(Problem)
The whole listing below is to be copied exactly.

(Records shown)
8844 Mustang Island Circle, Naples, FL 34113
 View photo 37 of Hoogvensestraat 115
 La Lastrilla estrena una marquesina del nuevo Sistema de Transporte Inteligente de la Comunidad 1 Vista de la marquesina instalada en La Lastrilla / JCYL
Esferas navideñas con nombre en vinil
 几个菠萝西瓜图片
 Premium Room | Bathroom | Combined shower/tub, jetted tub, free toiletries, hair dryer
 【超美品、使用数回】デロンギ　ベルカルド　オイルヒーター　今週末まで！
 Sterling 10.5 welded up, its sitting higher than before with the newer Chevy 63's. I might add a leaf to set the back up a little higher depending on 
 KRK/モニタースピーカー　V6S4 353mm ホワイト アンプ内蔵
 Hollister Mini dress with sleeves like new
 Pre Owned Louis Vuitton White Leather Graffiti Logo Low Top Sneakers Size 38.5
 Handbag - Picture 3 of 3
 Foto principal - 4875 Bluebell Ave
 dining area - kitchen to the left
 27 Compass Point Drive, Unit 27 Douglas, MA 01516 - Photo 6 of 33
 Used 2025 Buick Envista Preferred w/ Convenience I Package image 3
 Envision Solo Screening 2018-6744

(Answer to the problem)
8844 Mustang Island Circle, Naples, FL 34113
 View photo 37 of Hoogvensestraat 115
 La Lastrilla estrena una marquesina del nuevo Sistema de Transporte Inteligente de la Comunidad 1 Vista de la marquesina instalada en La Lastrilla / JCYL
Esferas navideñas con nombre en vinil
 几个菠萝西瓜图片
 Premium Room | Bathroom | Combined shower/tub, jetted tub, free toiletries, hair dryer
 【超美品、使用数回】デロンギ　ベルカルド　オイルヒーター　今週末まで！
 Sterling 10.5 welded up, its sitting higher than before with the newer Chevy 63's. I might add a leaf to set the back up a little higher depending on 
 KRK/モニタースピーカー　V6S4 353mm ホワイト アンプ内蔵
 Hollister Mini dress with sleeves like new
 Pre Owned Louis Vuitton White Leather Graffiti Logo Low Top Sneakers Size 38.5
 Handbag - Picture 3 of 3
 Foto principal - 4875 Bluebell Ave
 dining area - kitchen to the left
 27 Compass Point Drive, Unit 27 Douglas, MA 01516 - Photo 6 of 33
 Used 2025 Buick Envista Preferred w/ Convenience I Package image 3
 Envision Solo Screening 2018-6744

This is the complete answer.